■ **Task details**:
The reply should consist solely of the lines from the one that holds "Comerciante sofre fratura" through the last line of the material, reproduced exactly; no pictures belong in it.

■ **Exercise data**:
• • • •

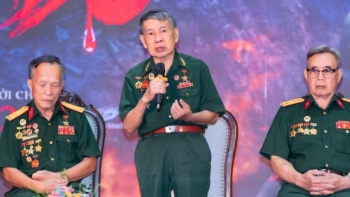 Sống mãi tình đồng chí, đồng đội thiêng liêng của những người lính Cụ Hồ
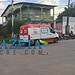 Comerciante sofre fratura exposta após colisão entre carro e moto em Rio Branco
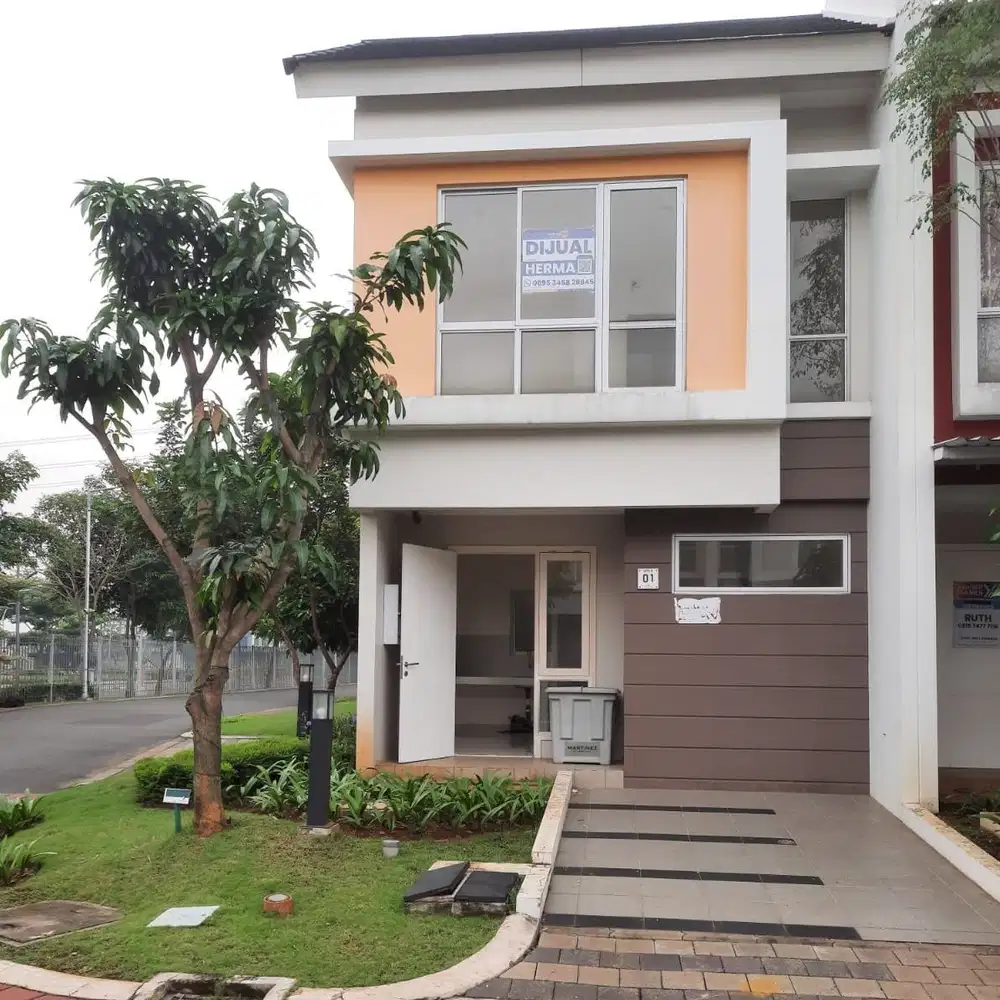 Dijual Rumah Baru Cluster Martinez Summarecon Gading Serpong Tangerang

• • • •

■ **Reply to the task**:
 Comerciante sofre fratura exposta após colisão entre carro e moto em Rio Branco
 Dijual Rumah Baru Cluster Martinez Summarecon Gading Serpong Tangerang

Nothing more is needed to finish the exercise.